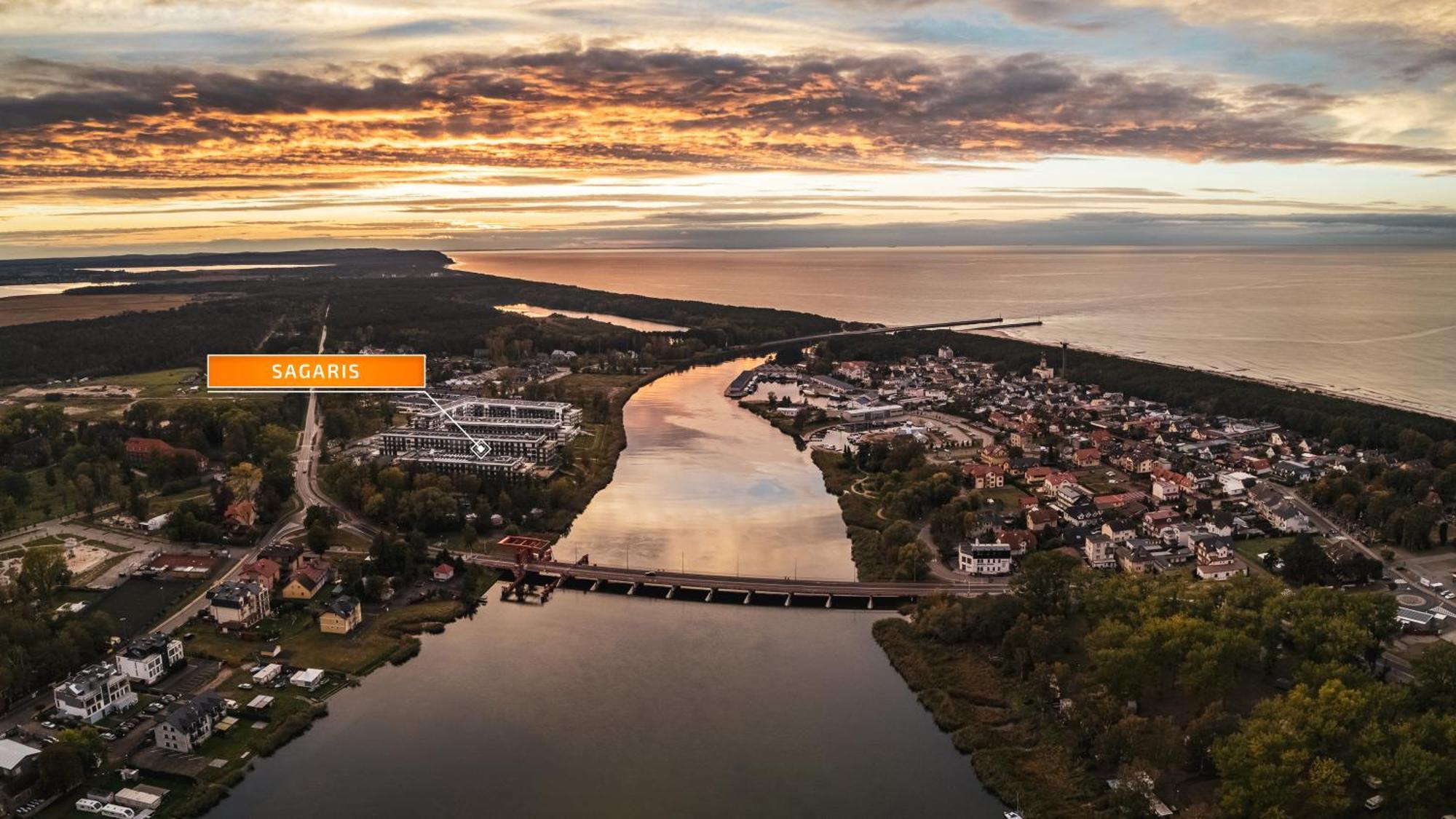 Apartamenty Sun & Snow Sagaris Z Basenem Dziwnów Buitenkant foto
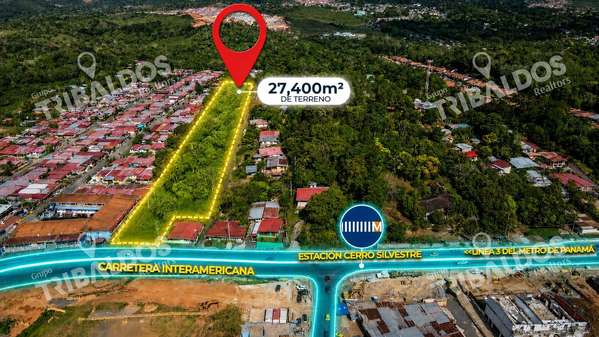 Land in Arraijan, Pan-American Highway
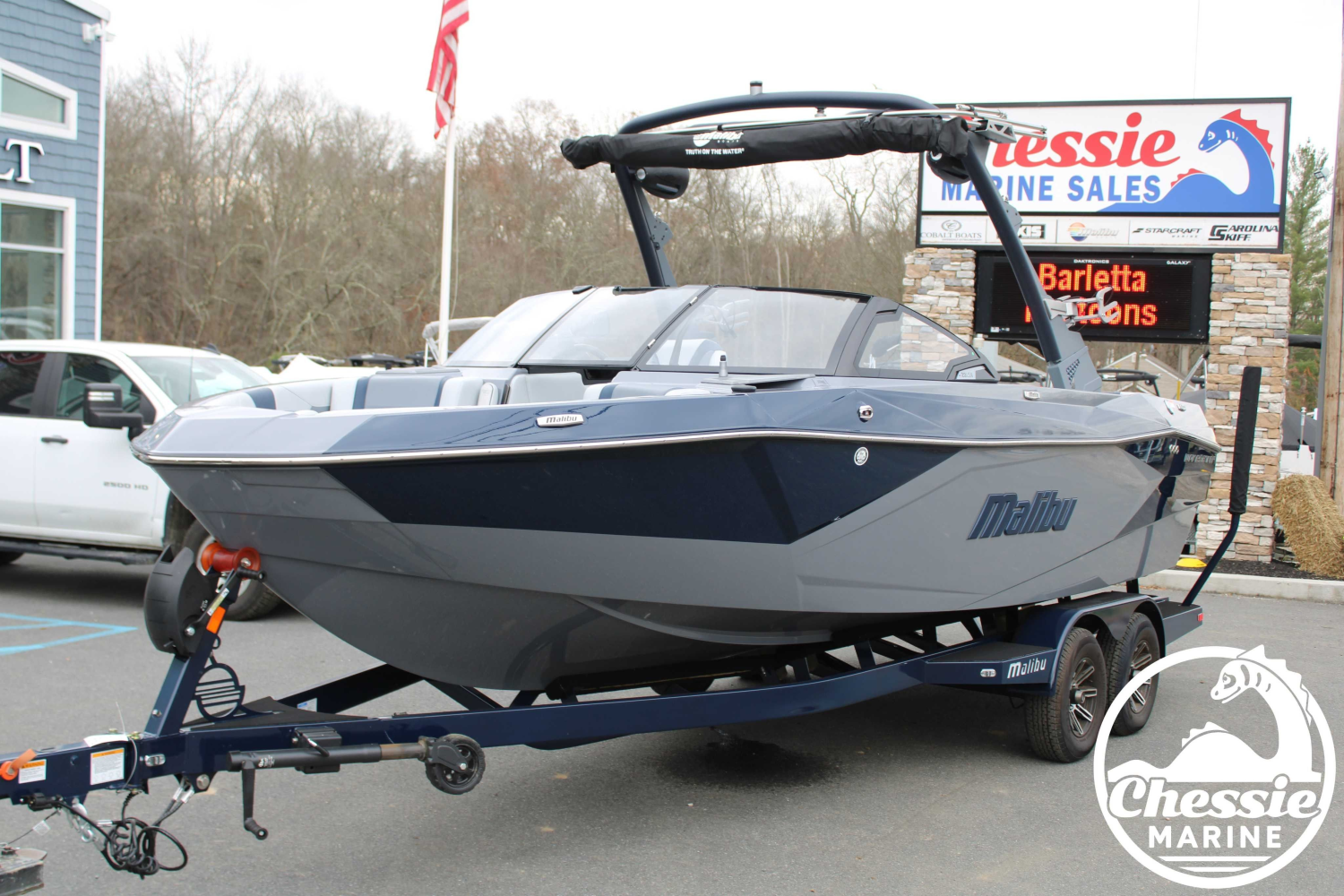 2025 Malibu Wakesetter 23 LSV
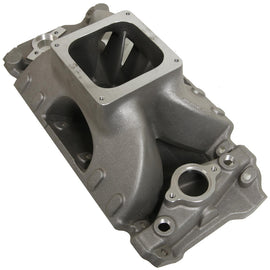 BRODIX BM2017-O BBC O/P Intake Manifold w/Dominator Flange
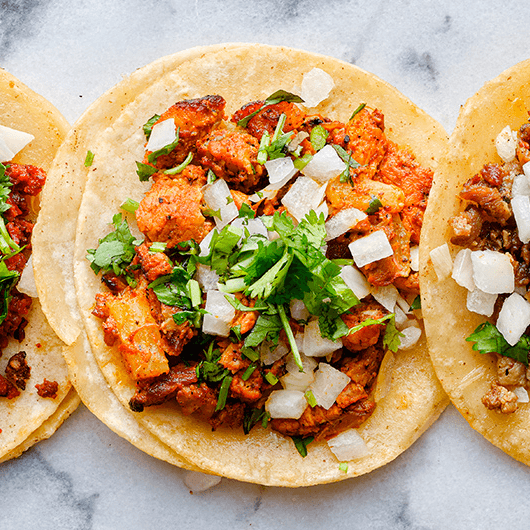 Orden de 5 Tacos de Pastor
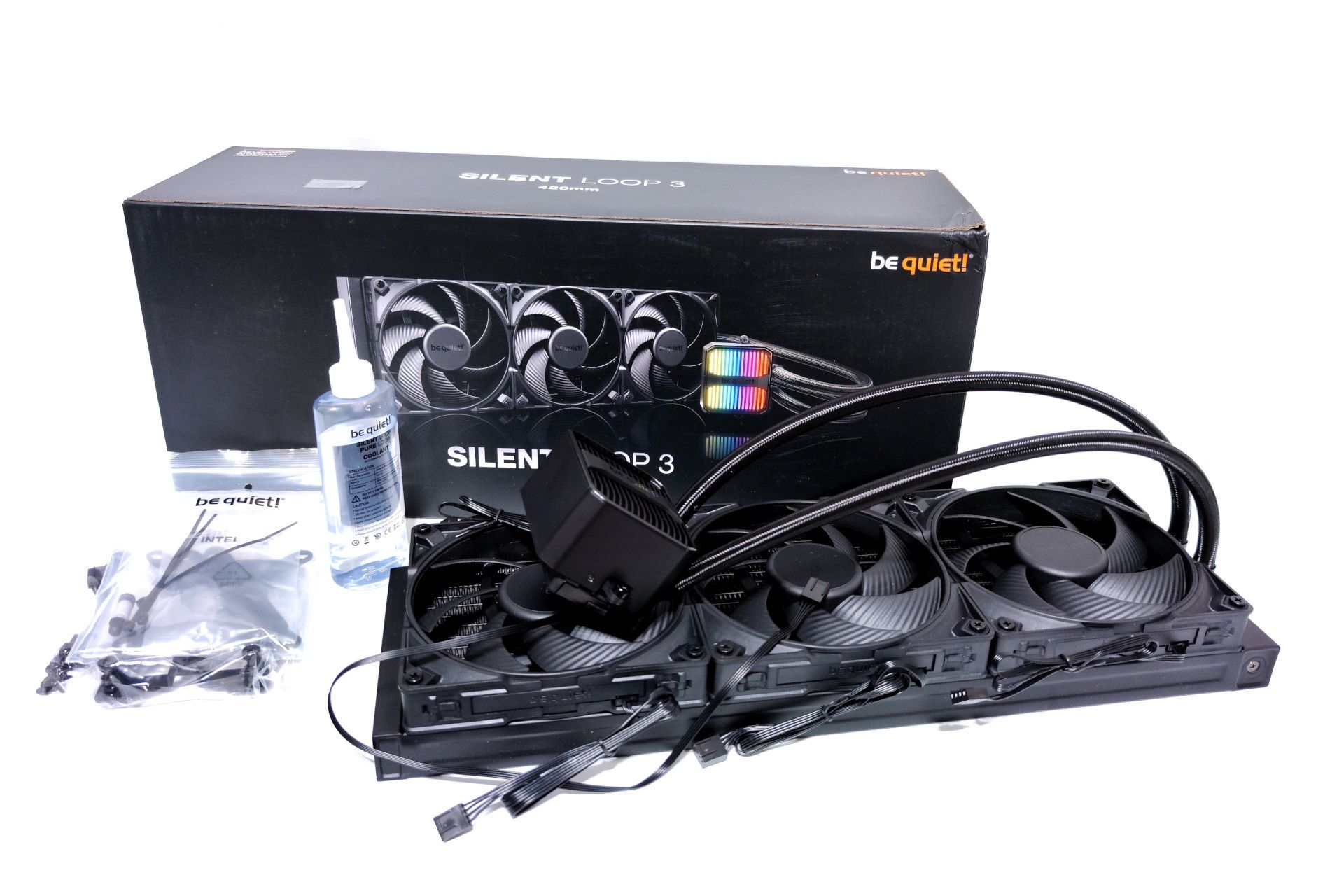 be quiet! Silent Loop 3 420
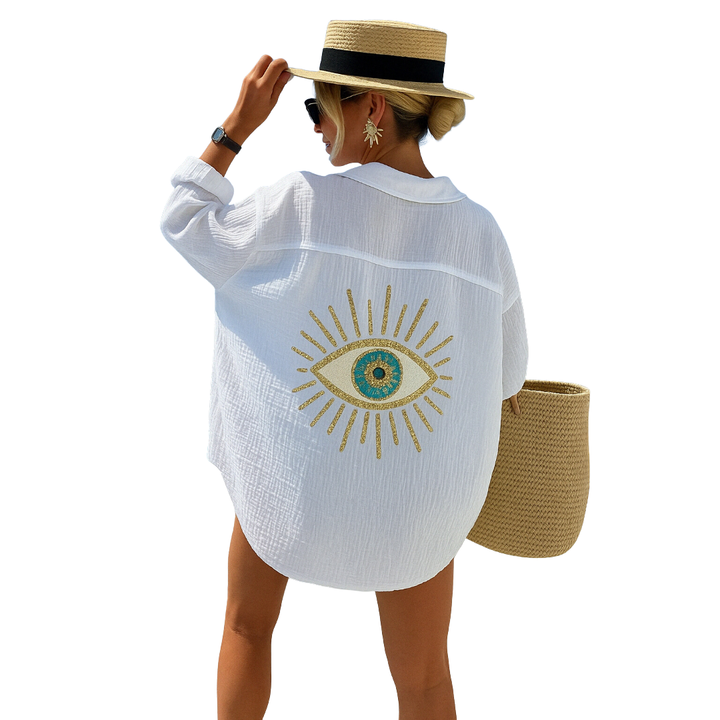 ANNEMIEK™|Blusa Casual Stile Ibiza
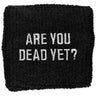 Children Of Bodom - Unisex Are You Dead Yet? Fabric Wristband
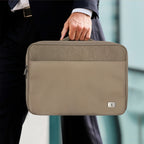 Santa Barbara Polo Matte PU Leather Macbook Bag For Macbook 13 Inch, 14 Inch (iPad 12.9, 13inch) (Desert)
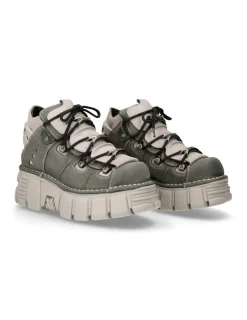 New Rock ANKLE BOOT METALLIC M-106-C1 Discount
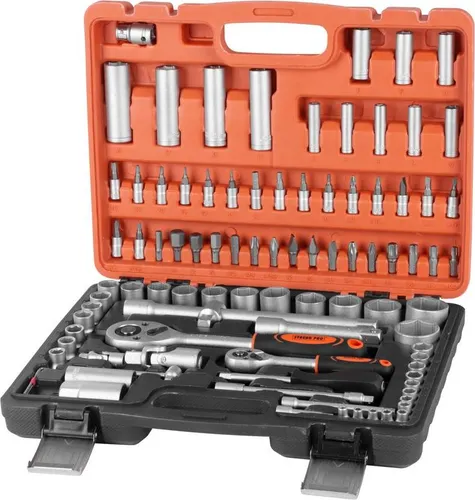 Werkzeugsatz Strend Pro WT940, 94-teilig, im Koffer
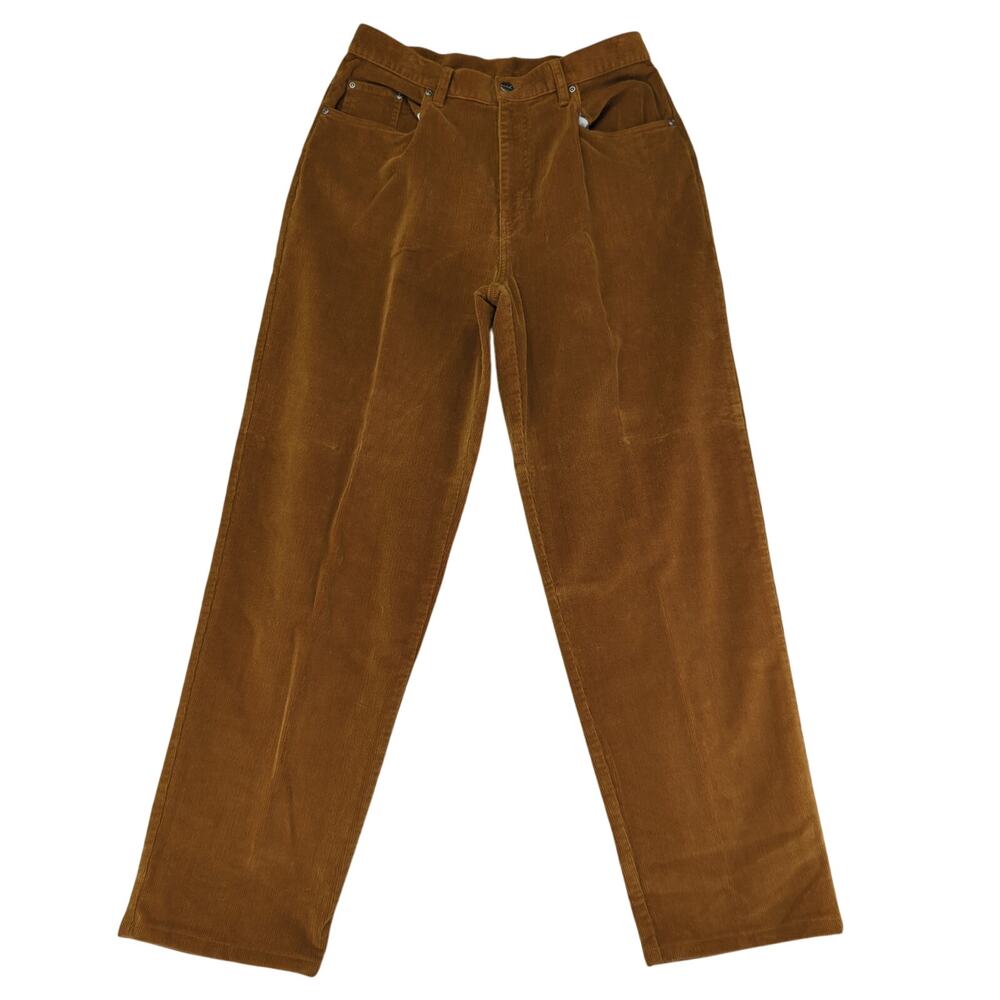 L.L. Bean Women's Straight Leg Jeans - Brown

☆ ☆ ☆ ☆ ☆

What is being asked:
Copy nothing outside the span: please output the lines from the one with "ANNEMIEK™|Blusa Casual Stile Ibiza" through the end of the entries above, and skip the pictures.

Result of the task:
 ANNEMIEK™|Blusa Casual Stile Ibiza
 Children Of Bodom - Unisex Are You Dead Yet? Fabric Wristband
 Santa Barbara Polo Matte PU Leather Macbook Bag For Macbook 13 Inch, 14 Inch (iPad 12.9, 13inch) (Desert)
 New Rock ANKLE BOOT METALLIC M-106-C1 Discount
 Werkzeugsatz Strend Pro WT940, 94-teilig, im Koffer
 L.L. Bean Women's Straight Leg Jeans - Brown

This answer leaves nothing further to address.